A tractor running in the field across the road woke me this morning. As an ex-farmer, I was looking forward to sleeping another hour, but it was a good sound. As an alarm clock, it was a month late.

Wheels are finally turning in Ohio. Some slabby tillage was done around here in northeast Ohio on Thursday, but mostly activity picked up on Sunday and Monday after we sneaked through some forecasted rain.

If it feels like we have been too wet for too long, that feeling is confirmed by the Monday USDA Planting Progress Report. Ohio has the smallest percentage of corn planted of any state, at 9%. It is tied with South Dakota for soybean planting, at 4%. South Dakota! If they weren’t busy getting the sugar beets planted, which is their money crop, they would be ahead of us, too.
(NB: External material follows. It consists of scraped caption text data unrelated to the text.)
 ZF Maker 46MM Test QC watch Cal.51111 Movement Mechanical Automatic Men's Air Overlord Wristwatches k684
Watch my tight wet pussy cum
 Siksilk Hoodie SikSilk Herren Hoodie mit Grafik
Looking at the forecast is encouraging, if still a mixed bag. Most days this week have a 30 to 40% rain forecast, except for Thursday. There we are now bumped to 60%. So, we may squeeze through, or maybe not.
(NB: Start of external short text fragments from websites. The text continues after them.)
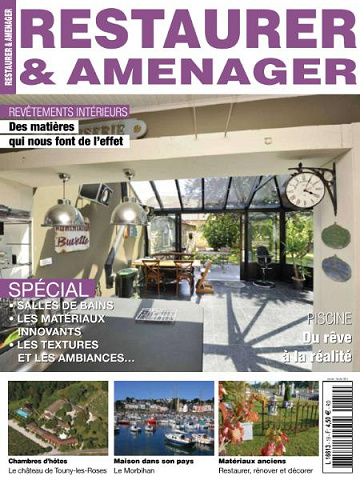 Restaurer & Aménager - Janvier-Février 2016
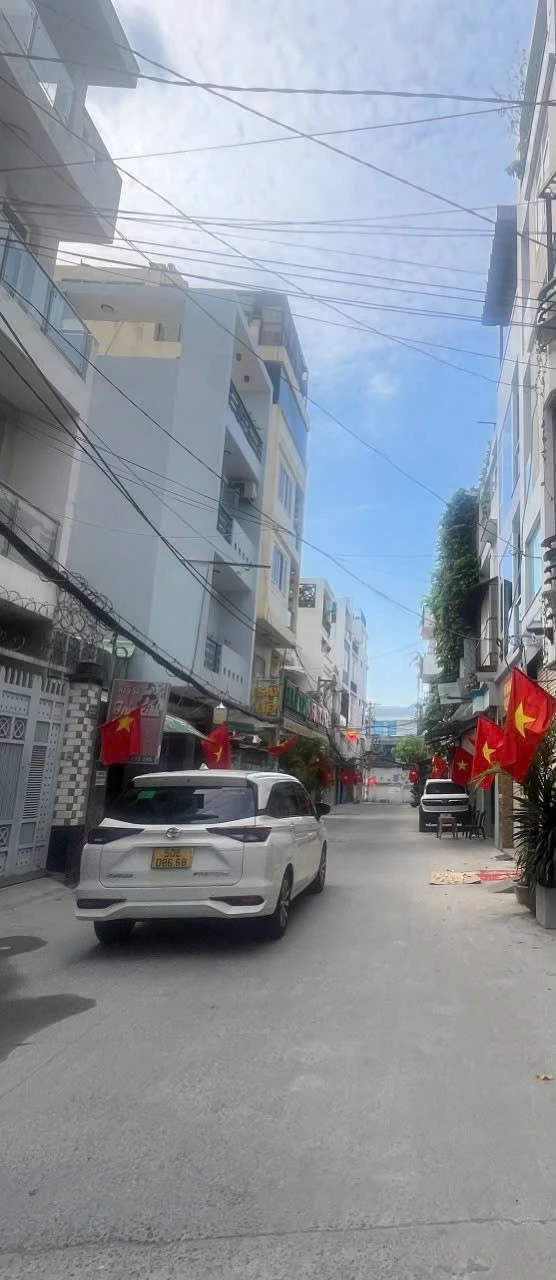 Bán nhà hẻm 1 trục Hoàng Hoa Thám 60m2 5 tầng 6 tỷ - Ảnh 1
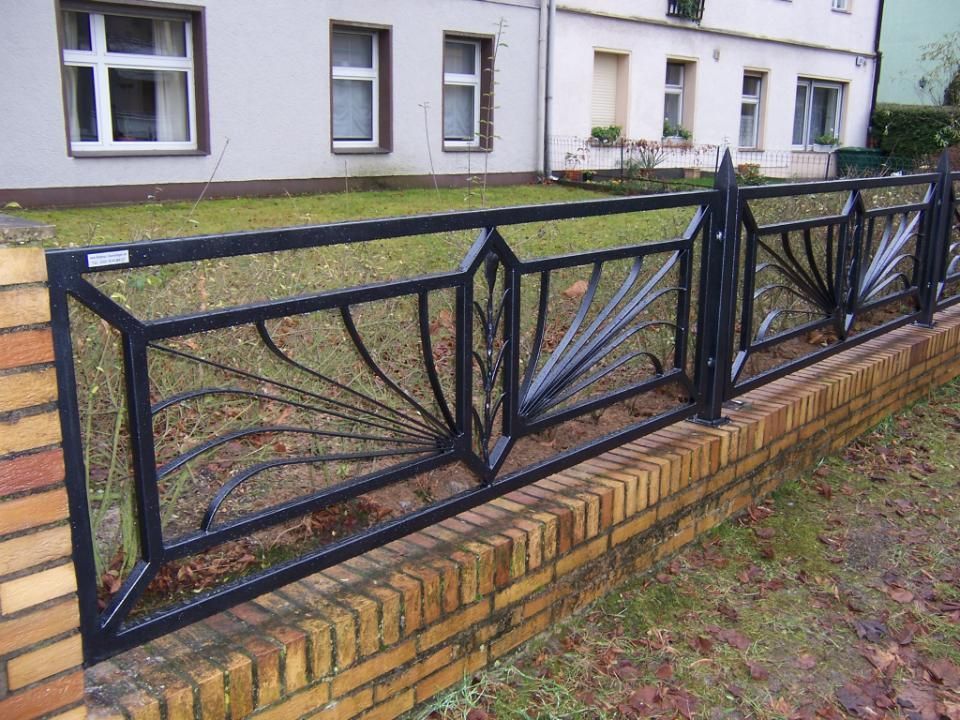 Gartenzaun, Metallzaun Schellermann Metallbau GmbH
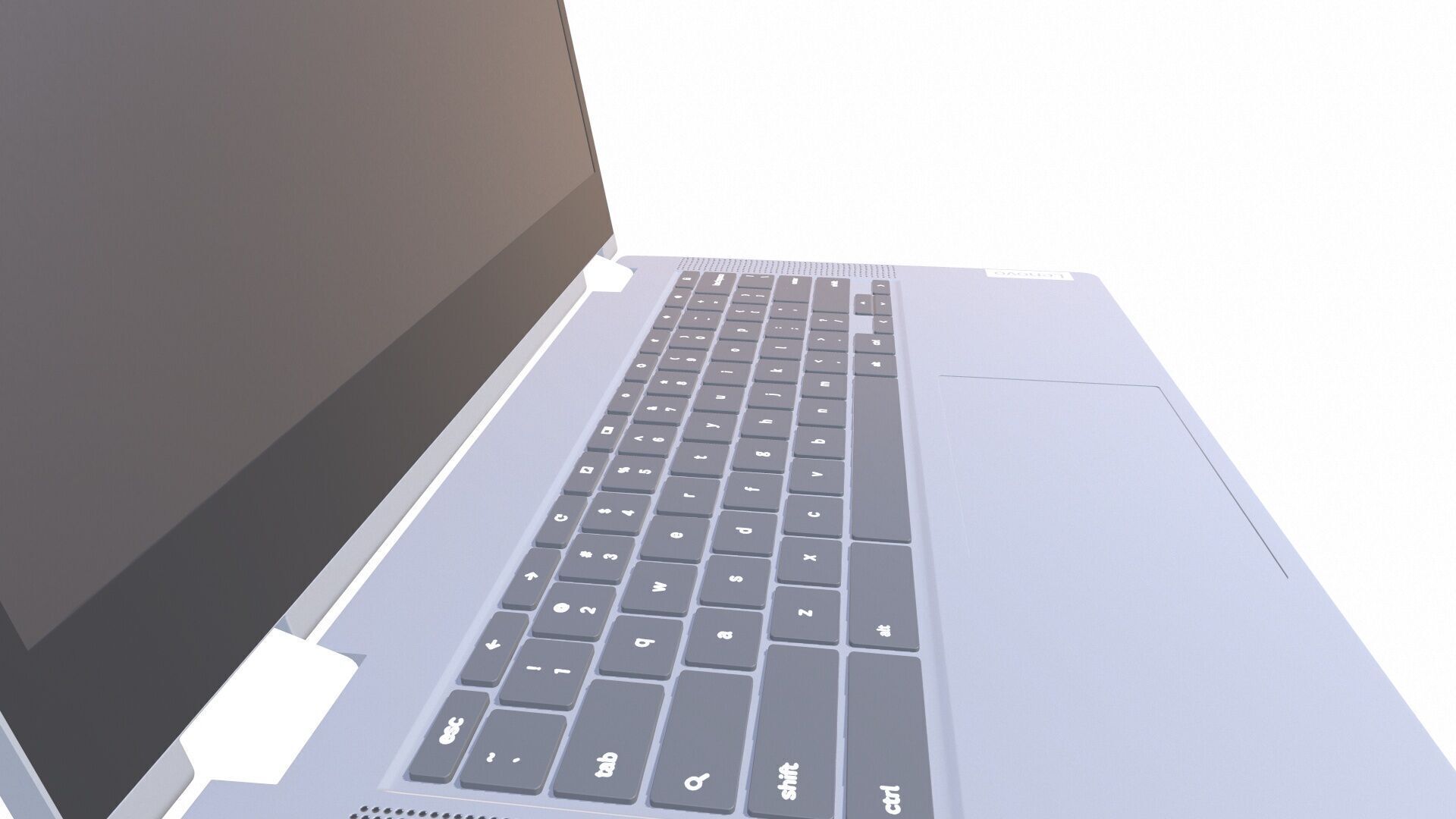 Lenovo Laptop 3D model_10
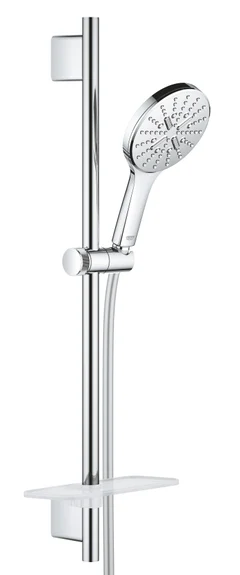 Душевой гарнитур со штангой, 3 режима струи Grohe Rainshower SmartActive (26546000)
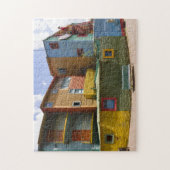 Caminito, La Boca, Buenos Aires Puzzle (Vertikal)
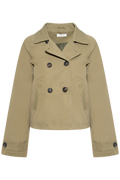 Lunaic Trenchcoat - Dark Khaki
Yesterday Squeeze and I drove through sprinkles on the way to Ashtabula. Black clouds hung overhead, but no real rain ever developed. Here’s hoping that trend continues this week.

National planting picture

The Monday morning Russell conference call with my fellow associates is always revealing. Across the Midwest, farmers are depressed about planting progress, which varies greatly. One area of south central Minnesota is 85% planted for corn and soybeans. Not that far away in southwest Minnesota is a 10,000-acre farmer who hasn’t put one seed in the ground.
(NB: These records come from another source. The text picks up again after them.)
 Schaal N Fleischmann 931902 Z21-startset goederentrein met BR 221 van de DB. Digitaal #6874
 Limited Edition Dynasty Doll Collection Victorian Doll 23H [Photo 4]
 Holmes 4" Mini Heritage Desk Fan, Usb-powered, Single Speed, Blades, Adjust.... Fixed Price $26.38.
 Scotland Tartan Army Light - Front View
Iowa is making good progress, with large areas virtually done, and the state almost three-quarters done officially. Then there is the Eastern Corn Belt. Besides Ohio at 9%, we have Indiana at 14 and Illinois at 24% planted. Ohio is up from just 4% last week, so thank God for little green apples.

This time last year we had 69% planted after a slow start. Normal is 62%.

At the same time, the entire U.S., or at least the 18 major states, have now 49% planted, just 1% under the trade guess. Last week the nation was at 30%, but the average is 80.

Based on comments on the conference call, many areas expect rain and little planting progress this week.

Now what. The delayed planting and the expectation of further delays, has finally been reflected in the markets. We made a hard low last Wednesday, May 13, after the Chinese trade deal collapsed and escalated into an actual trade was with more tariffs on both sides. We added in the Friday USDA reports which predicted a record corn crop.

By Wednesday, however, the spec funds started to reverse themselves with the reality of a crop significantly lower than forecast.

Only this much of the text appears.